Author: | Wojciech Muła |
---|---|
Added on: | 2016-10-08 |
Updated on: | 2016-11-27 (tidy), 2016-10-17 (link to GCC's bugtrack) |
Today's weather was a really good excuse for staying at home and hacking. I come back to my old idea of speeding up substring searching exploiting SSE4.1 instruction MPSADBW. Finally I translated my old SSE code into AVX2. Then I transplanted my recent AVX512F code which employs similar techniques. In the end I coded AVX512F and SSE2 versions of SWAR-friendly technique which I developed some time ago. (Github repository contains all the stuff, if you wish to take a look.)

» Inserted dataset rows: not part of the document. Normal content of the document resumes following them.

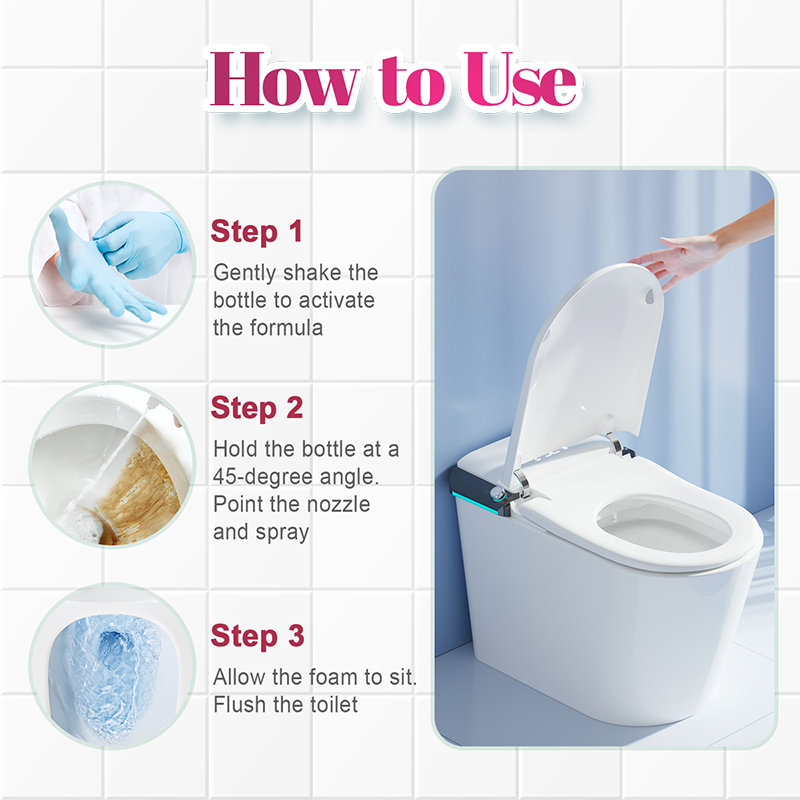 Potente spray detergente schiumogeno per WC 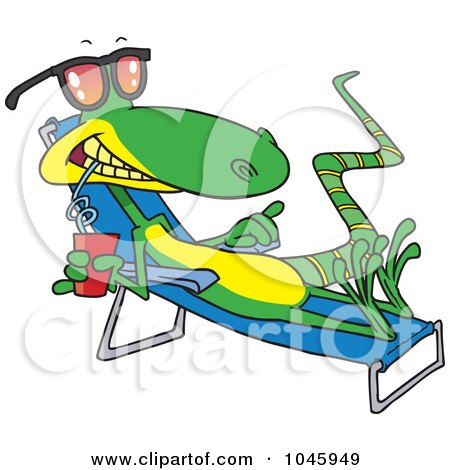 Royalty-Free (RF) Clip Art Illustration of a Cartoon Sun Bathing Lizard by toonaday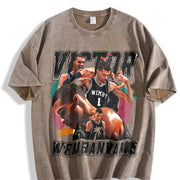 Victor Wemby 90's Style Retro Custom vintage washed oversized T-shirt in Brown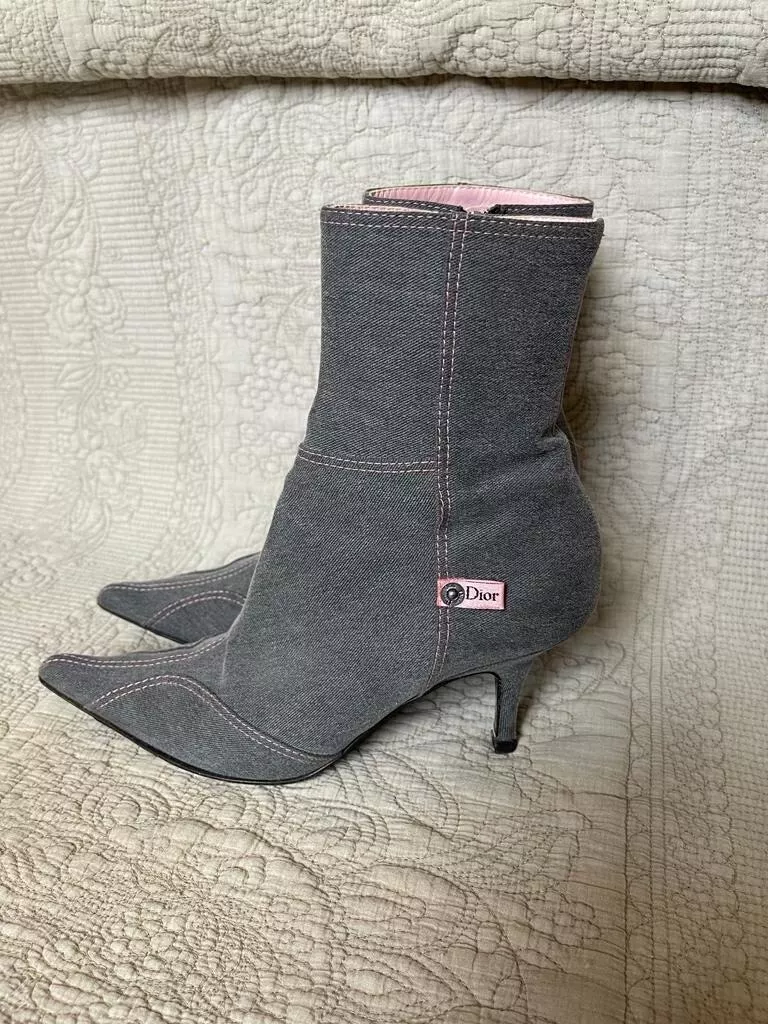Bottes talon denim Christian Dior authentique/authentique, vintage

But let's put aside vector algorithms performance. Experiments have revelead that method find from C++ std::string is incredibly slow. The method can be slower an order of magnitude than strstr, and it doesn't get better with a newer stdlib — GCC versions varies from 4.9.2 (Debian) to 5.4.0 (Ubuntu).
Here is the table I took from the repository's README. The slowdown factors, when compared with strstr, are: 12.9, 12.6, 9.9, 7.4.
architecture | procedure time in seconds | |
---|---|---|
strstr | string::find | |
Westemere | 0.83 | 10.71 |
Haswell | 0.48 | 6.06 |
Skylake | 0.66 | 6.54 |
KNL | 4.96 | 36.94 |
I looked into headers, and I suppose located the culprit in bits/basic_string.tcc. Maybe I'm wrong, but for me it's a linear search, isn't it?
find(const _CharT* __s, size_type __pos, size_type __n) const { __glibcxx_requires_string_len(__s, __n); const size_type __size = this->size(); const _CharT* __data = _M_data(); if (__n == 0) return __pos <= __size ? __pos : npos; if (__n <= __size) { for (; __pos <= __size - __n; ++__pos) if (traits_type::eq(__data[__pos], __s[0]) && traits_type::compare(__data + __pos + 1, __s + 1, __n - 1) == 0) return __pos; } return npos; }
The assembly dump taken from perf annotate:
std::__cxx11::basic_string<char, std::char_traits<char>, std::allocator<char> >::find 78:┌─→add $0x1,%rbx │ add $0x1,%rbp │ cmp %r15,%rax │↓ ja b8 85:│ cmp -0x1(%rbp),%r14b │ lea -0x1(%rbx),%r13 │ mov %rbx,%rax │↑ jne 78 │ test %r12,%r12 │↑ je 25 │ mov 0x8(%rsp),%rsi │ mov %r12,%rdx │ mov %rbp,%rdi │→ callq memcmp@plt │ test %eax,%eax │↑ je 25 │ mov %rbx,%rax └──jmp 78
It must be slow. And I think C++ users should be worried a little bit.
The problem has been already reported (bug 66414).